For Christians, the season of Advent is an invitation away from distraction towards a focus on what really matters. Traditionally, this takes the form of attending to the return of Jesus Christ in glory at this world’s end, as well as on preparing to worship Christ when Christmas comes.

Certainly, focus and attention can be powerful counterweights to the lures of endless distraction. The philosopher Iris Murdoch suggests that ‘attention is rewarded with knowledge of reality.’ I think she means that when we focus on things of substance we see the world more clearly and truly.

The gospels reveal that for Jesus Christ daring to focus on that which slows us down and makes us attend to what really feeds us is essential. One of the striking things about his behaviour is how often he dared to unplug from the endless demands on his time. He retreats alone to pray and be silent. When the crowds want him most, he makes himself completely unavailable.

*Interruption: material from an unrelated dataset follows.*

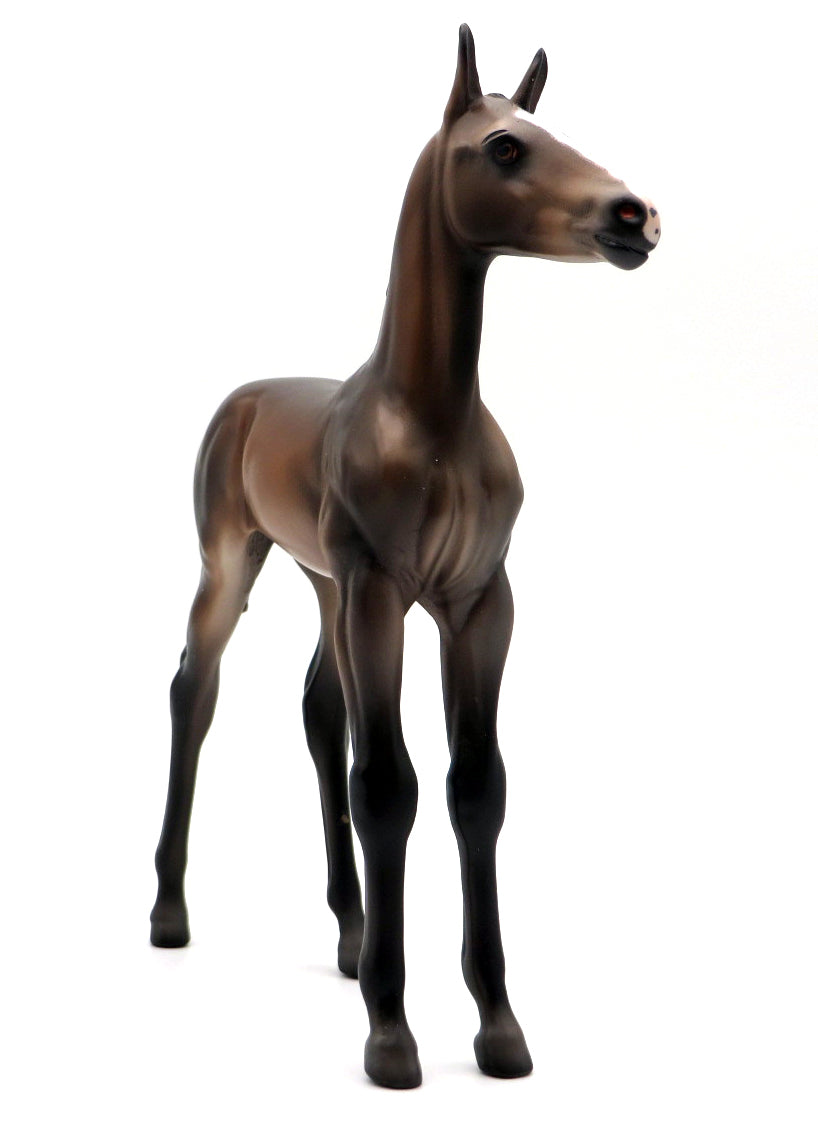 Monterey-OOAK Andalusian Foal by Caroline Boydston 10/4/21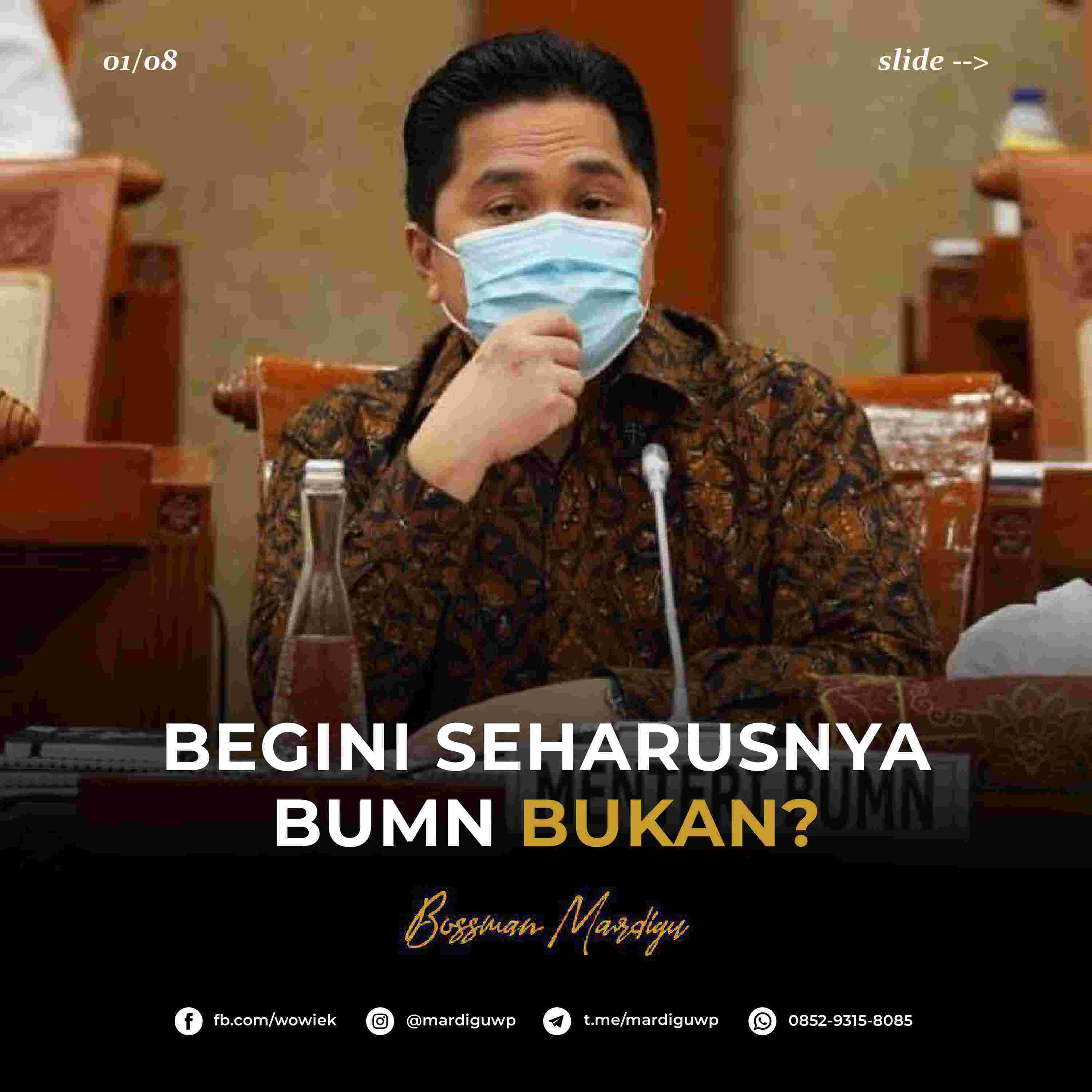 Begini Seharusnya Bumn Bukan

The fact is that getting offline or going on retreat or simply being unavailable for any length of time is unrealistic for most of us. However, the notion of brain rot brings me up short. It reminds me that to take quality breaks from online distraction and offer my attention to things which demand real care, like reading or praying or just staring out at the world in wonder, can bring a richer quality of life. The trivial distractions which might lead to so-called brain-rot are fine in small quantities, but they are as nothing to real ‘brain food.’